Unified Resource Management

  • Application management: provides the capability of modeling the association between applications and resources to fulfill your requirements in centralized cloud resource management and cost reduction management.
  • Resource management: synchronizes and manages the resource instances used on various cloud platforms to build a resource O&M capability foundation.
  • Configuration management: manages applications and resources, and centrally monitors their parameter configurations throughout their lifecycles.
  • Compliance management: provides batch patch scanning and repair capabilities for resource O&M, ensuring both security compliance and efficiency.

Comprehensive Change Management

  • Solution review: enables Standard Operating Procedure (SOP) for change solutions, clarifying and electronizing change solutions and archiving them after review. Rules and processes can be decoupled to ensure that a change execution process is correct and that the change solution can be accumulated.
  • Change review: reviews change tickets according to the preset review process to ensure the reliability, efficiency, and process compliance of change solutions.
  • Risk assessment: manages changes based on scenario rules, process rules, and business rules to identify and prevent change risks in advance. The change calendar is used to identify change conflicts and reduce change risks caused by change dependencies between services.
  • Assurance implementation: presets changes solutions, standardizes change steps, enables change operation observation, and ensures timely handling of change exceptions, delivering controllable, visible, and manageable change processes.

Deterministic Fault Management

  • Unified incident center: provides an E2E and standard incident handling mechanism, covering incident discovery, incident handling, recovery verification, and continuous improvement.
  • WarRoom and fault backtracking capabilities: triggers WarRoom requests intelligently for live-network incidents, shortening troubleshooting time. In addition, you can observe the troubleshooting progress in real time from the command center. Fault backtracking facilitates issue summary and experience accumulation, preventing issues from recurring and shortening the MTTR.
  • Contingency plans: enables you to develop contingency plans for known faults and handle deterministic issues using the contingency plan automation mechanism.
  • Failure modes: leverages professional risk analysis methods and expert knowledge bases to accumulate a failure mode base, helping you analyze potential risks of cloud applications and pass on O&M experience.

Resilience Center Optimization

  • Full-lifecycle risk management: encompasses risk management in both application deployment and running scenarios throughout the lifecycles of applications and resources, serving you based on years of dynamic risk management experience accumulated on Huawei Cloud.
  • Proactive O&M: promotes the quality and resilience of your key services through proactive O&M methods, including performance pressure tests, emergency drills/chaotic engineering, and resilience evaluation.
  • Rich fault drill tools: uses over 50 built-in drill attack tools based on Huawei Cloud best practices, enabling you to simulate complex and diversified service exception scenarios and develop countermeasures.
  • Application HA improvement: The Production Readiness Review (PRR) feature leverages the SREs' best practices on cloud application rollout review and provides online review e-flows and review items, enhancing application HA.

Access Methods

You can access COC through the web-based management console or HTTPS-based application programming interfaces (APIs).

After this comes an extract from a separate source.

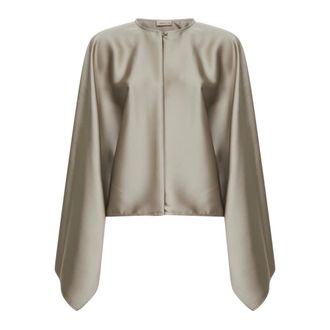 Blanca Vita Capes, female, Beige, Size: ONE SIZE Asymmetric Kimono-Sleeves Jacket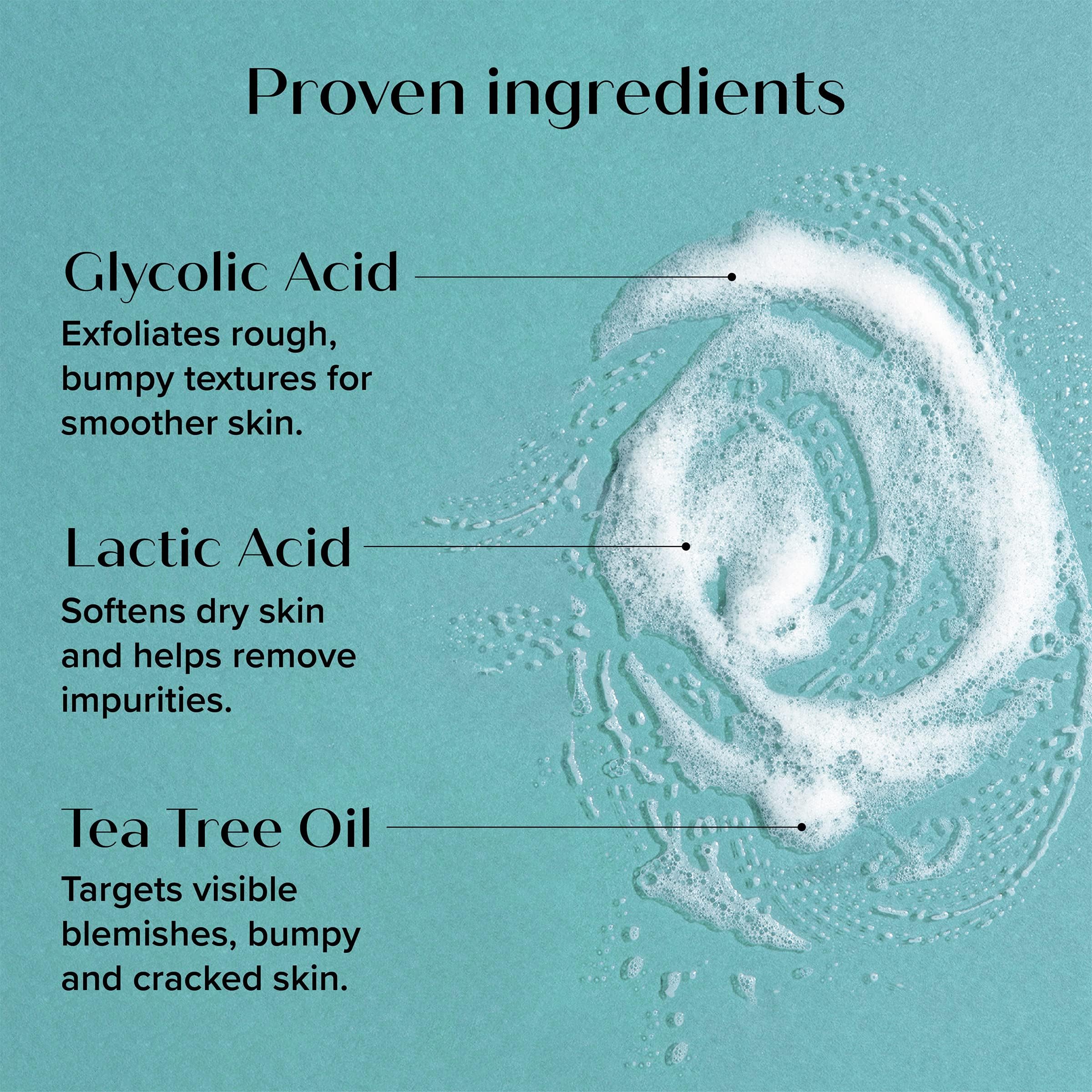 Medix 5.5 exfoliating wash peppermint eucalyptus scent awakens senses during shower.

  • Accessing COC Through APIs

    Use this method to access COC if you need to integrate COC into a third-party system for secondary development. For detailed operations, see the Cloud Operations Center API Reference.

  • Accessing COC Through the Management Console

    Use this method if you do not need to integrate COC into a third-party platform.

    Ensure that you have registered on Huawei Cloud. For details about how to register an account, see Registering a HUAWEI ID and Enabling HUAWEI CLOUD Services. Then, log in to the management console and click Cloud Operations Center.